::: THE RECORDS :::

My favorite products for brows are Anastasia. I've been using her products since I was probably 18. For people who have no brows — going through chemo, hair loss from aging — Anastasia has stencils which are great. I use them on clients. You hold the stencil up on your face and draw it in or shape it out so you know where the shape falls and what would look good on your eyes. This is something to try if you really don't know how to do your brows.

:::
::: THE RECORDS :::

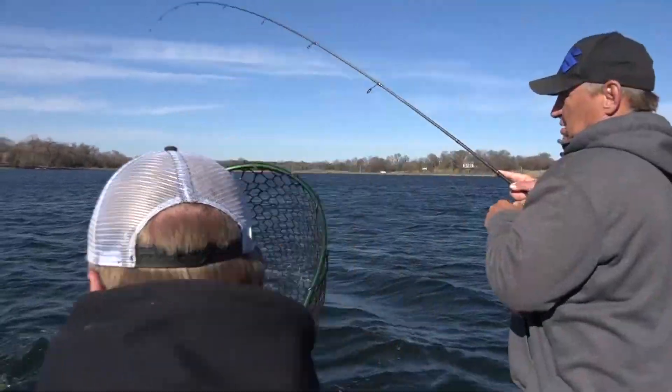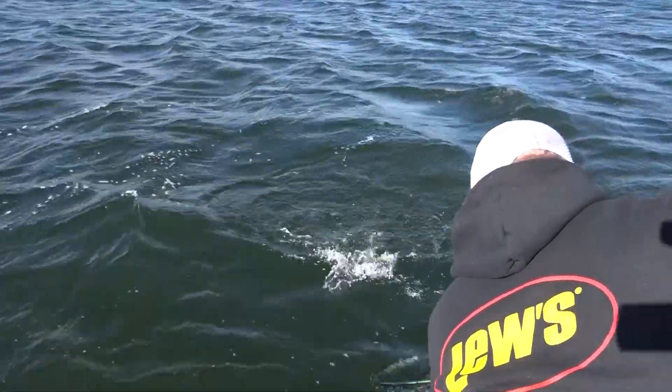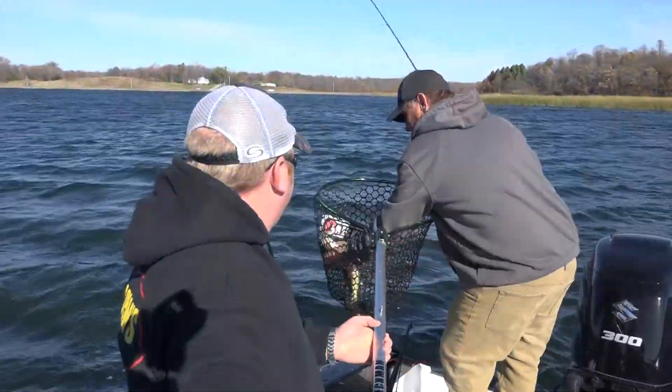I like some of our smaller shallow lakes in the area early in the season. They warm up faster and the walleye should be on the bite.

:::
::: THE RECORDS :::

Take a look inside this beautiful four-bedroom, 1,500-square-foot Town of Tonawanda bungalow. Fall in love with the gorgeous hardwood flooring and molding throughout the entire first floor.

:::

* _EXERCISE DESCRIPTION_:
Say how many lines in the preceding material hold the word "look"; nothing else belongs in the reply.

* _SOLUTION TO THIS TASK_:
2